Which brings us to Captain America: The Winter Soldier, a state-of-the-art (or commerce) blunderbuss of digitally rendered aerial dogfights, kabooming fireballs, chase sequences, and battle scenes - and "serious" questions about the line where personal freedom and national security butt heads.
Sure, it's got Scarlett Johansson as the martial arts mistress and superspy Natasha Romanoff, slinked out in her Black Widow jumpsuit. And she and Steve "Cap" Rogers (the Popeye-biceped Chris Evans, back in the title role) get off some friction-force banter. Jackson, barking gruffly and conspiratorially, has a pivotal role: dispatching Captain America and the Black Widow on missions of utmost urgency, then getting gunned down (down, but is he out?) after an epic armored SUV chase on the streets of the capital.
Defrosted from his cryogenic deep-sleep at the end of 2011's World War II-set Captain America: The First Avenger, Steve Rogers finds himself in modern-day Washington, still trying to align his 1940s sense of what's-what with the head-spinning, pop-cult craziness of the new millennium. He's old-school in a new-school world, and his Boy Scout ethos doesn't sit right with drone strikes and cyber-snooping.
Natasha, a creature of the KGB, can shrug off such issues - perhaps. But not Robert Redford, that sun-burned icon of progressive liberalism, cast here as the government chieftain overseeing the ominous Project Insight and its highly weaponized "helicarrier" ships. The intrepid reporter of All the President's Men is now one of those men, wielding power in a most unconstitutional way.

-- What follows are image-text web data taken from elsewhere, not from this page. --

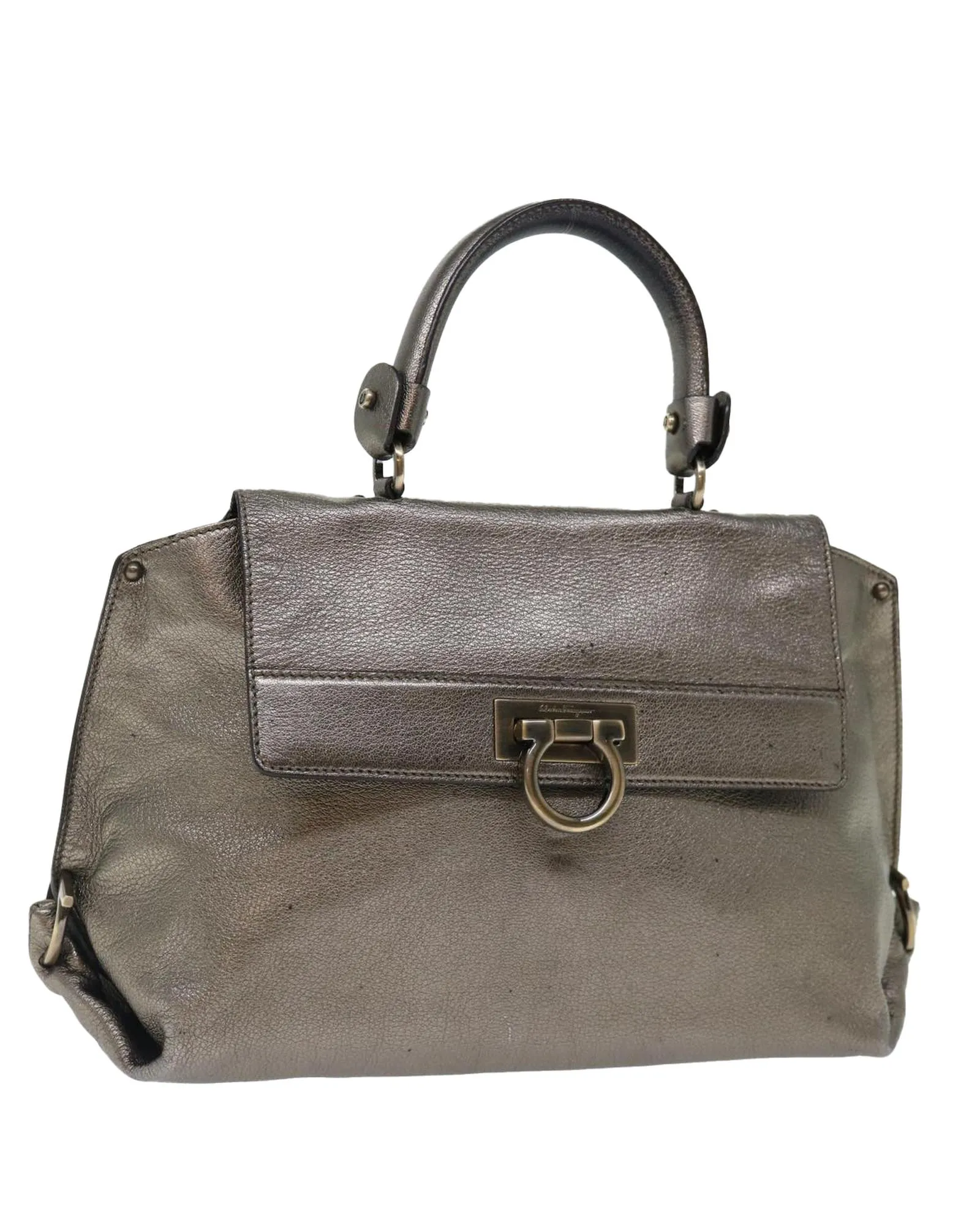 Preloved Amelia Gunmetal Leather Handbag- Silver Pouches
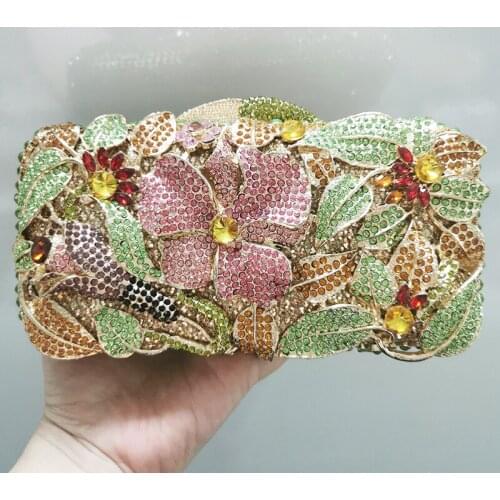 WHTUOHENG Green/Purple/Pink Diamond Wedding Purse Multi-Colored Crystal Floral Evening Metal Clutches Luxury Designer Women Bag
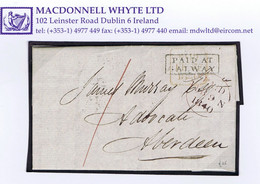 Ireland Galway Uniform Penny Post 1840 Boxed PAID AT/GALWAY On Letter To Aberdeen - Préphilatélie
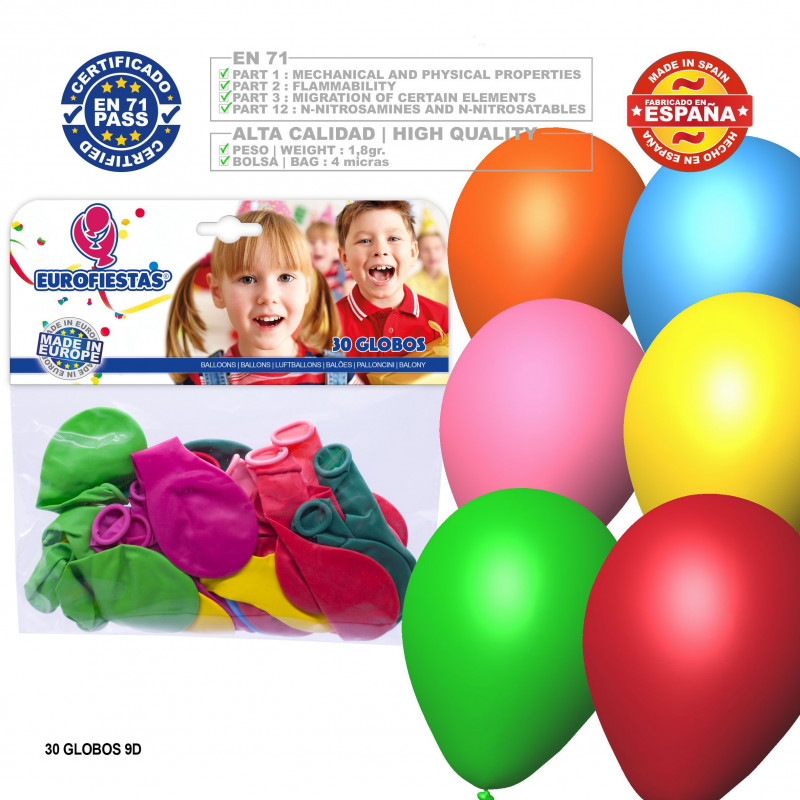 Pack de 30 ballons multicolores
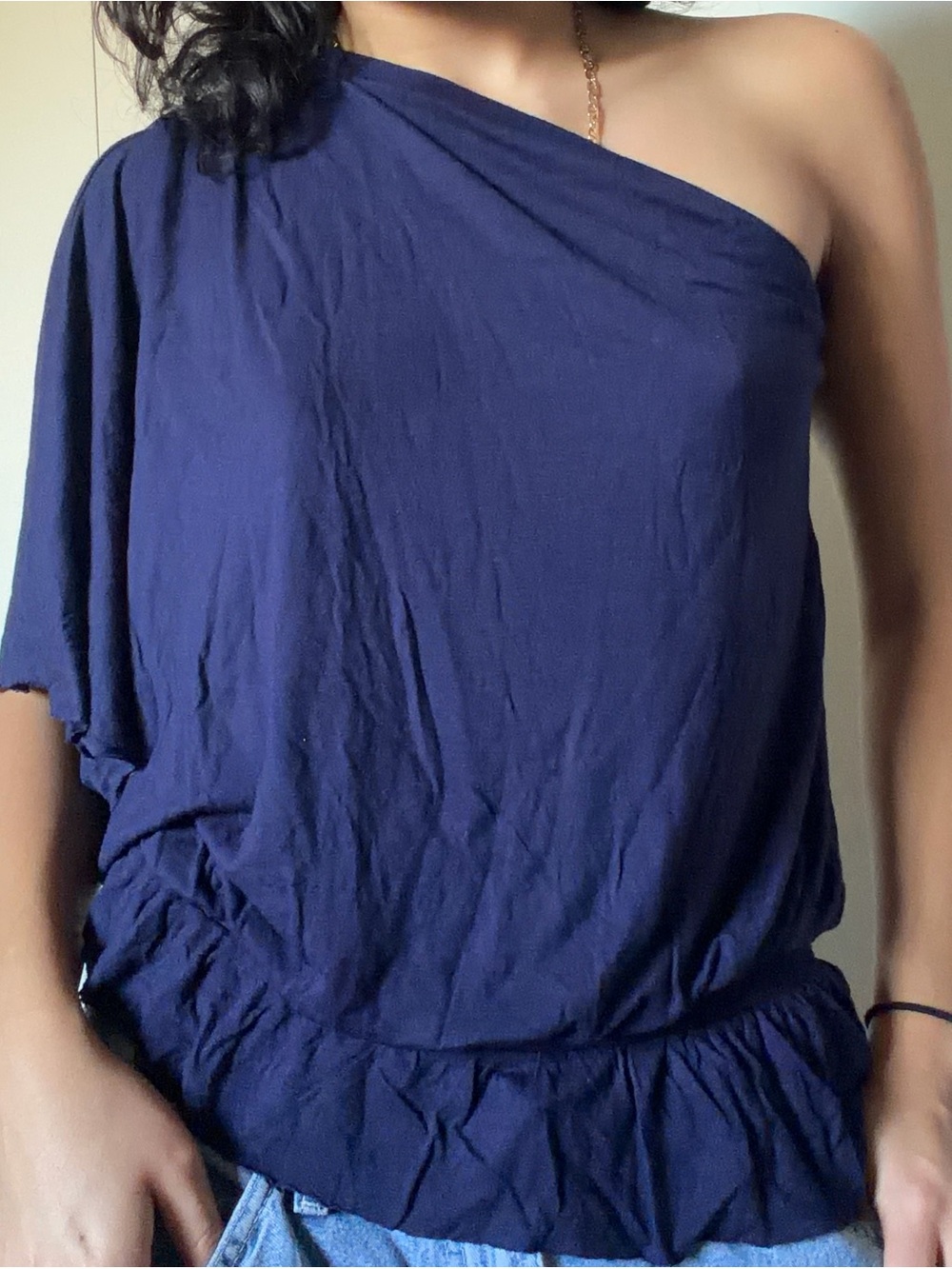 Lush One-Shoulder Navy Top with Draped Silhouette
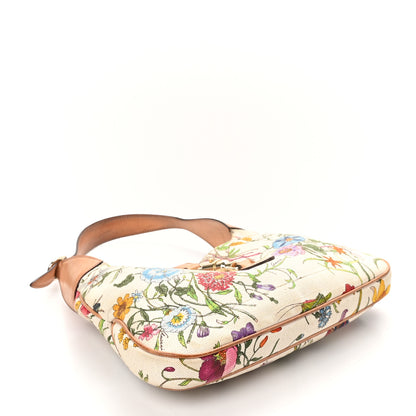 Gucci Canvas Floral Flora Small Jackie O Hobo White White 4 of 11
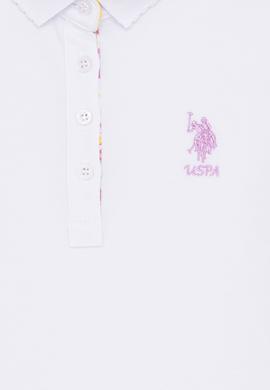 Kız Çocuk Beyaz Basic Polo Yaka Tişört - 50265668009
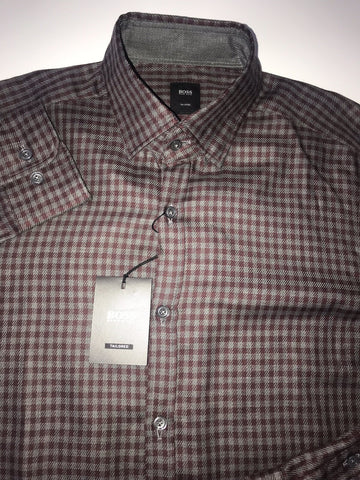 Hugo Boss Mens T-Simon Tailored Dark Red Dress Shirt Small NWT $225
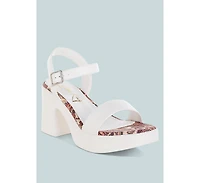 Kolata Faux Leather Pin Buckle Platform Heels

The problem with Captain America: The Winter Soldier is that there's too much going on: the Marvel Universe stuff, the WikiLeaks-ish paranoia stuff, the video game-ish CG visual effects stuff, the epic John Woo-ish everybody-pointing-a-weapon-at-everybody-else face-off stuff.
When director siblings Anthony and Joe Russo get a couple of characters talking one-on-one - such as Evans' Steve Rogers and Anthony Mackie's Sam Wilson, who works with veterans and works his way into the battle sequences thanks to his wing-packed superhero alias, Falcon - the movie feels grounded in something human.
But the rest of the time - and there's a whole lot of that rest of the time - Captain America: The Winter Soldier has its boots on familiar, formulaic, Hollywood turf.
Directed by Anthony Russo and Joe Russo. With Chris Evans, Scarlett Johansson, Samuel L. Jackson, Robert Redford, Anthony Mackie. Distributed by Walt Disney.
Running time: 2 hours, 16 mins.
Parent's guide: PG-13 (action, violence, adult themes).